Task material =
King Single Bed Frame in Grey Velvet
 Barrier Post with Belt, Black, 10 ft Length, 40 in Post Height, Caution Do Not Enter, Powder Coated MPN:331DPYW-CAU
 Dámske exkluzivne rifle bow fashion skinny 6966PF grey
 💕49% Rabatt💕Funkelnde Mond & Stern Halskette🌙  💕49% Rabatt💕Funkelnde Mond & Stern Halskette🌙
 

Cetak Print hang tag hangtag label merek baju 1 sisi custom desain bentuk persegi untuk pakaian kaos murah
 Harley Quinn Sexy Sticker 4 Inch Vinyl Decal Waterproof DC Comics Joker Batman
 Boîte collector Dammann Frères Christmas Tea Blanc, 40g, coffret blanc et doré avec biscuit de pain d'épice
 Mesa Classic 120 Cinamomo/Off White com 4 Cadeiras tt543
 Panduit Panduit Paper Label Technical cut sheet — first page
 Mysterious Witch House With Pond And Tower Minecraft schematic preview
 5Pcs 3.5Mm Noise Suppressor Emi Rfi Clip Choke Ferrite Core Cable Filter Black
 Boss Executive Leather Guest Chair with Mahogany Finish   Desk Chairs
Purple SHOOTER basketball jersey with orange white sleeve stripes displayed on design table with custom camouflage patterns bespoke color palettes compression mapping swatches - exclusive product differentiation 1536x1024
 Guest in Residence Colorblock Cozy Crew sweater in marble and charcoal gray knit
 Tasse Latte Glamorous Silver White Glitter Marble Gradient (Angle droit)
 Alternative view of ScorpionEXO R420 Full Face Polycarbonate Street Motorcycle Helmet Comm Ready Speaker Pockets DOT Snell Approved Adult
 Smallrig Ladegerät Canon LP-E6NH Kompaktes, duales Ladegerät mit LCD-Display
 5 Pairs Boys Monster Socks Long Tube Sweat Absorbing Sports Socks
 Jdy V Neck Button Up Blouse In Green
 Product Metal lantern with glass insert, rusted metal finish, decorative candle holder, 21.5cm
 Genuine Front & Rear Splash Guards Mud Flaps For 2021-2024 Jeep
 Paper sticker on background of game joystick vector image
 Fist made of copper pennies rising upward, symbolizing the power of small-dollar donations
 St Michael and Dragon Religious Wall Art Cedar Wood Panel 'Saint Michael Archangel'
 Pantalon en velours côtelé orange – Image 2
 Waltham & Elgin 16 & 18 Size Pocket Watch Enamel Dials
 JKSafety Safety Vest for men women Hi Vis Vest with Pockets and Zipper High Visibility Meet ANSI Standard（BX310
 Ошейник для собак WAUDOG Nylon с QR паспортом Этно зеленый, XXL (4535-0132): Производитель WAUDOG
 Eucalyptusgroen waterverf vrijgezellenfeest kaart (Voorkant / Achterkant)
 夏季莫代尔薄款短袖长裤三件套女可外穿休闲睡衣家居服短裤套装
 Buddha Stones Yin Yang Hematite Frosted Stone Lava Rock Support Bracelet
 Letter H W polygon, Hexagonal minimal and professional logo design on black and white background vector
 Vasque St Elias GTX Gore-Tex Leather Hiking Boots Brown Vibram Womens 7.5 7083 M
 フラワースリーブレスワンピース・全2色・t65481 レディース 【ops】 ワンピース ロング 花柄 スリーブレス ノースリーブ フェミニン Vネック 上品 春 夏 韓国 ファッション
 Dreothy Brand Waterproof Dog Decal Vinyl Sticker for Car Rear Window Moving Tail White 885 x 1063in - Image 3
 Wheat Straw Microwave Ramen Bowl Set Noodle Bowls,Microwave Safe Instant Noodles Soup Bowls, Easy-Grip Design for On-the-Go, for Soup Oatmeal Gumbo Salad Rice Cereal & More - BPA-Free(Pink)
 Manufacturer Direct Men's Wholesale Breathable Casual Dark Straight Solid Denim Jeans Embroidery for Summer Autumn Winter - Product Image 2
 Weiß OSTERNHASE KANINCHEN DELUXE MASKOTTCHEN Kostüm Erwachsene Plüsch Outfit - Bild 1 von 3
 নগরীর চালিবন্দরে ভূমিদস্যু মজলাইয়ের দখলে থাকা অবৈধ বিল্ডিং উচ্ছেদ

Exercise prompt = Your reply should be a single number: how many lines in the listing above include the string "Rear".

Response to the task = 2